| WHAT YOU WILL DO |
Copy exactly the lines that run from the one containing "Mobile Suit Gundam" through the end of the entries, both ends included.

| SUPPLIED RECORDS |
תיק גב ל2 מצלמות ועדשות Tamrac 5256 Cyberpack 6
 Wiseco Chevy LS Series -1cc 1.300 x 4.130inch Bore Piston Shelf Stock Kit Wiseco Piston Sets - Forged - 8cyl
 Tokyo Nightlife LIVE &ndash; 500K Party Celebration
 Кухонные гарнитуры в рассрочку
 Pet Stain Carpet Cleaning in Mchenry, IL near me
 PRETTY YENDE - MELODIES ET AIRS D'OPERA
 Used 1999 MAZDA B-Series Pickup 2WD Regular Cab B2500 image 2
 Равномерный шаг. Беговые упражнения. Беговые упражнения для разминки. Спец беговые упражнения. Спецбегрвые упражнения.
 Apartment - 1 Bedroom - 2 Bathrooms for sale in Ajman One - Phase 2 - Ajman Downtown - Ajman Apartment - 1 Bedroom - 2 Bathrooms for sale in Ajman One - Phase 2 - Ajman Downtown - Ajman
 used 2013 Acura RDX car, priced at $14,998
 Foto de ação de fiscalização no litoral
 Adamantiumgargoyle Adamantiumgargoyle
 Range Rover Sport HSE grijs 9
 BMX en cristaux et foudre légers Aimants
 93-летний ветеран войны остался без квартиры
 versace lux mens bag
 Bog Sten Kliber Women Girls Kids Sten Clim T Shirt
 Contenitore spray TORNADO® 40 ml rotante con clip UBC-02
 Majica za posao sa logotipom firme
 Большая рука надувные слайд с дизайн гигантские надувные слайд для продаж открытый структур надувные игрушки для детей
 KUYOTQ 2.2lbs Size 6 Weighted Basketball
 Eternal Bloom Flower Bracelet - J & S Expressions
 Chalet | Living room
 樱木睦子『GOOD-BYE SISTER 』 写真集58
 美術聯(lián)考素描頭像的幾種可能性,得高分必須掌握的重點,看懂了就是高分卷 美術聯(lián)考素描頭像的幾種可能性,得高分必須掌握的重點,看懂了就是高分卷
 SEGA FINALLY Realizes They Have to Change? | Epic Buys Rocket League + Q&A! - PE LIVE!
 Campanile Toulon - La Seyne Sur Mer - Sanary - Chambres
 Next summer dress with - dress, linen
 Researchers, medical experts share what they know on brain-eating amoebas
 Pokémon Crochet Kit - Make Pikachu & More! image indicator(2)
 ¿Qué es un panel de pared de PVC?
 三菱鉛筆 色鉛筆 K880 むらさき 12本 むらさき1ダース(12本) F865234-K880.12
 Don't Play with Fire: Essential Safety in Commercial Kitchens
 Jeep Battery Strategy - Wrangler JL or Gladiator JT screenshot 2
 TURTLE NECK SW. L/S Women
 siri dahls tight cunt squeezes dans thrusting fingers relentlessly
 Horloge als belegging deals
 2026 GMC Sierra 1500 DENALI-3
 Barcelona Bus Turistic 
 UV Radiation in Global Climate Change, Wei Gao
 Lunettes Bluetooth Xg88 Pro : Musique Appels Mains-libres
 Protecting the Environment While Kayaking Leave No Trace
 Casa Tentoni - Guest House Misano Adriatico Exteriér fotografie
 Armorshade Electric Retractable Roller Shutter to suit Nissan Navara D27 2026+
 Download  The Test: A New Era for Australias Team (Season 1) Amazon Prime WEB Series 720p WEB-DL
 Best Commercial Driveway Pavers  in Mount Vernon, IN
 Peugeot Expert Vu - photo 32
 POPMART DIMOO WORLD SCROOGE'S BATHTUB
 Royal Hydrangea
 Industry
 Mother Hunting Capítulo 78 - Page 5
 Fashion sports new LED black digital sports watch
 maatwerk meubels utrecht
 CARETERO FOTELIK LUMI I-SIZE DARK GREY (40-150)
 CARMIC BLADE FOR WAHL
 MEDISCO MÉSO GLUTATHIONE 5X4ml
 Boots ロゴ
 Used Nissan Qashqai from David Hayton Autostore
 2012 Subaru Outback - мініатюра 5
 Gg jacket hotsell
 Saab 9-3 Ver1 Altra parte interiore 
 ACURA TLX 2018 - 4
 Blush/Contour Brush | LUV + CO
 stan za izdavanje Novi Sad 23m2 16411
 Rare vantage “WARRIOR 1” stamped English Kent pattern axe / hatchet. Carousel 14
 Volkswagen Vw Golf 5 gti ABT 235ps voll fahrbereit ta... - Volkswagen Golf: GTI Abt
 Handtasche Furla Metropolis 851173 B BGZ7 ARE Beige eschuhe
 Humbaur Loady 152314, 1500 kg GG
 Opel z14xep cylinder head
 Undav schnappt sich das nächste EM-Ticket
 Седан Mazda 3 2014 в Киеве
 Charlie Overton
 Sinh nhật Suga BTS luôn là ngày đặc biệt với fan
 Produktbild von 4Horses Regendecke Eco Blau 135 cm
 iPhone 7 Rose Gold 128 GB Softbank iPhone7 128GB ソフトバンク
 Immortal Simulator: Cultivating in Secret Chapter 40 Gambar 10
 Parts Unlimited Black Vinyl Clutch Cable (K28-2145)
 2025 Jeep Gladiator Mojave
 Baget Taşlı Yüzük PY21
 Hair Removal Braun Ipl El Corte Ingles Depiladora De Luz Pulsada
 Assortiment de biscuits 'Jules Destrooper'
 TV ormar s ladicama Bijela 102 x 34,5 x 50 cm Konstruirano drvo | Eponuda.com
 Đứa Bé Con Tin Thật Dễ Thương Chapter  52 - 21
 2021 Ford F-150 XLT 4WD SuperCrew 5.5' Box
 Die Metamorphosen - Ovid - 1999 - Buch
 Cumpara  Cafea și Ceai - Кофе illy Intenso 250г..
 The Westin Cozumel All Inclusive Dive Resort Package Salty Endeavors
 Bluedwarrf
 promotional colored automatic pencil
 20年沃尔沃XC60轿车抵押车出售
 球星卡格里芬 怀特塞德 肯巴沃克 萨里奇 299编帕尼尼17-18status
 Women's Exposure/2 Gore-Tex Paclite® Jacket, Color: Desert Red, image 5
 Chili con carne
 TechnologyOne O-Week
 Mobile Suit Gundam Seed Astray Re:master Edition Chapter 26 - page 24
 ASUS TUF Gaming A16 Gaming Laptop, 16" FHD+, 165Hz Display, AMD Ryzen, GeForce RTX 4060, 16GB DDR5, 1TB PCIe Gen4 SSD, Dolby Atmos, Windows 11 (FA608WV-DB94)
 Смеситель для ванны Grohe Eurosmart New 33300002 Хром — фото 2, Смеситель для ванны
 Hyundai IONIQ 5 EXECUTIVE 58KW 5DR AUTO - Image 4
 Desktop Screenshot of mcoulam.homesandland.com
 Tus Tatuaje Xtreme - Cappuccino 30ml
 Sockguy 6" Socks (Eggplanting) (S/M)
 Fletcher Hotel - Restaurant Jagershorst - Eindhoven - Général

| WRITTEN SOLUTION |
 Mobile Suit Gundam Seed Astray Re:master Edition Chapter 26 - page 24
 ASUS TUF Gaming A16 Gaming Laptop, 16" FHD+, 165Hz Display, AMD Ryzen, GeForce RTX 4060, 16GB DDR5, 1TB PCIe Gen4 SSD, Dolby Atmos, Windows 11 (FA608WV-DB94)
 Смеситель для ванны Grohe Eurosmart New 33300002 Хром — фото 2, Смеситель для ванны
 Hyundai IONIQ 5 EXECUTIVE 58KW 5DR AUTO - Image 4
 Desktop Screenshot of mcoulam.homesandland.com
 Tus Tatuaje Xtreme - Cappuccino 30ml
 Sockguy 6" Socks (Eggplanting) (S/M)
 Fletcher Hotel - Restaurant Jagershorst - Eindhoven - Général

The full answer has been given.